Barbara hepworth family
Dame Barbara Hepworth
Born Wakefield, England
Died St Ives, England
Biography
Barbara Hepworth was an abstract sculptor and artist associated with the British post-war art movement. She was educated at Leeds School of Art (–1) and the Royal College of Art, London (–4).
Upon graduation, she spent two years in Italy to study the techniques of marble carving, followed by time in London exhibiting with the Seven and Five Society and the modernist group, Unit One. In , she moved to St Ives, Cornwall, where she became a central figure in the artistic community. The landscapes of both Yorkshire and Cornwall had a profound effect on her work throughout her career; in particular, shaping her ideas about light, and the relationship between nature and the human figure.
British artist barbara hepworth biography Her work exemplifies Modernism and in particular modern sculpture. She married the sculptor John Skeaping in In she fell in love with the painter Ben Nicholson , and in divorced Skeaping. At this time she was part of a circle of modern artists centred on Hampstead, London, and was one of the founders of the art movement Unit One. Best known as a sculptor, Hepworth also produced drawings — including a series of sketches of operating rooms following the hospitalisation of her daughter in — and lithographs.First working in stone, Hepworth began to create metal sculptures in the late s, giving abstract form to these central ideas on a scale larger than ever before.
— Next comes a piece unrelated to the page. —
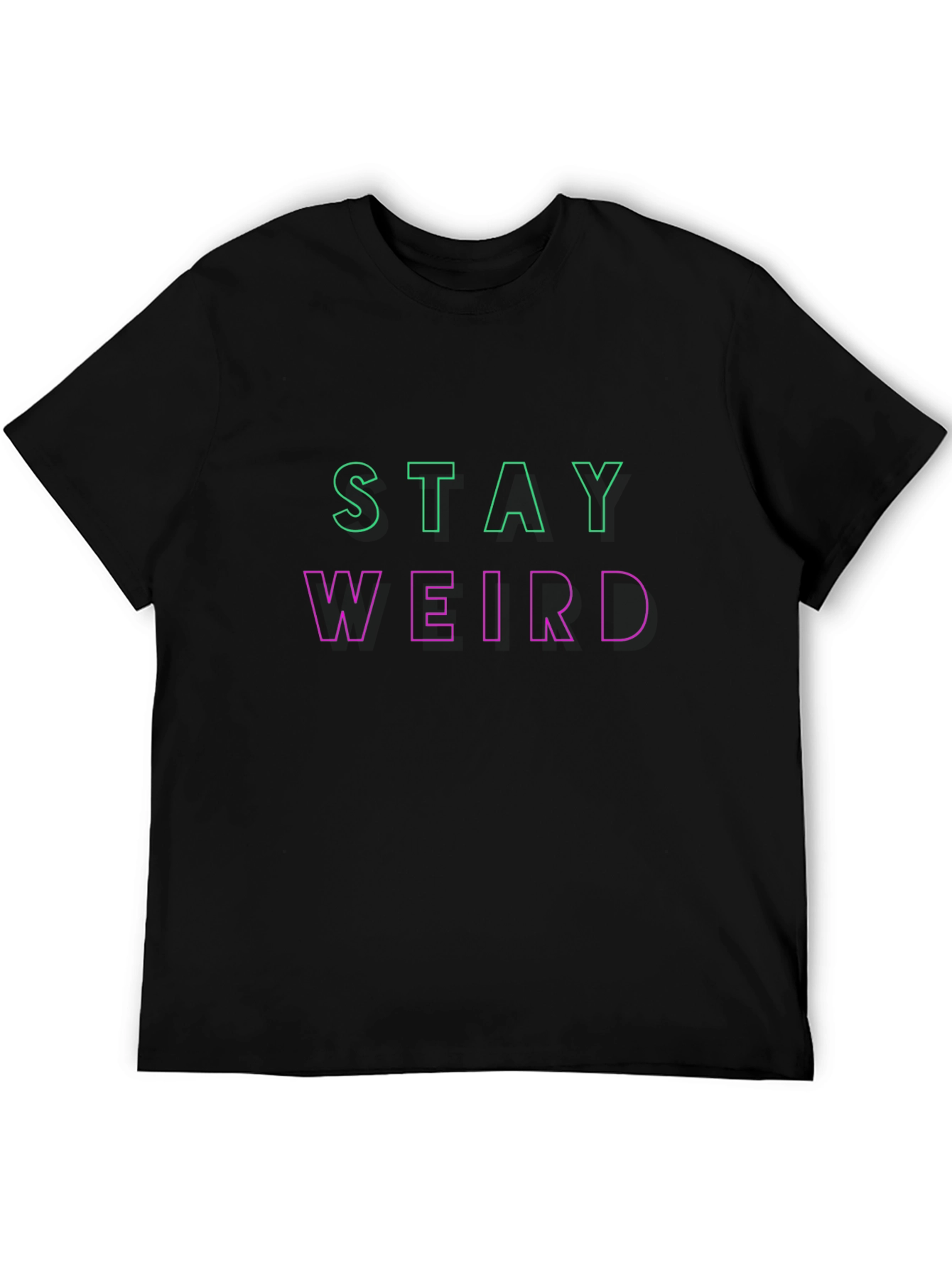 Stay Weird Graphic Tee - Trendy Slogan T-Shirt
This transition in scale and medium led to public commissions including Single Form () in front of the United Nations building in New York and the nineteen-feet Winged Figure () on the John Lewis building on London’s Oxford Street.
Affected by cancer from the mids, she increasingly experimented with smaller and stacked forms. Her former studio in St Ives has been preserved as a public museum, with her career having formed the subject of several major retrospectives, including at the Tate Gallery Liverpool.
Artwork Information
Several critics have interpreted the shape of Ascending Form (Gloria) () by Barbara Hepworth as a pair of hands in prayer.
The sculpture was made during a period of renewed spirituality for the artist, following the death of her son Paul in Its abstract or non-representational nature speaks to her mission to achieve human significance through sculptural form.
Hepworth began to work in bronze from the s.
British artist barbara hepworth biography wikipedia Barbara Hepworth distinguished herself as a world-recognized sculptor in a period where female artists were rare. She evolved her ideas and her work as an influential part of an ongoing conversation with many other important artists of her time, working crucially in areas of greater abstraction while creating three dimensional objects. Her development of sculptural vocabularies and ideas was complex and multi-faceted. This included the use of a wide range of physical materials for sculpting and an unprecedented sensitivity to the particular qualities of those materials in helping decide the ultimate results of her sculptures, the investigation of "absence" in sculpture as much as "presence," and deep considerations of the relationship of her sculptural forms to the larger spaces surrounding it. Though her forms in their larger outlines tended to possess the clean lines of modernist aesthetics, she complicated these with different textures, an effect described by one reviewer as "sensuous and tactile" that "quickened the pulse".Despite their larger size, Hepworth retained the artists hand in these works, as seen in the highly textured surface achieved through direct carving. This technique applied to bronze was revolutionary at a time when sculptors were taught only to model in clay. Her experience in Italy informed this technique. Hepworth explained, ‘I only learned my love for bronze when I found that it was gentle and I could file it and carve it and chisel it’; [in Italy] ‘there I felt the continuity of aesthetic sensibility and was humbled by the richness of her heritage’.
Bronze works by Hepworth often appear in various editions.
There are eight copies of Ascending Form (Gloria), with one sitting in the former studio and now museum to Hepworth in St Ives, and another standing at the entrance to Longstone Cemetery in Carbis Bay, Cornwall, where the artist is buried.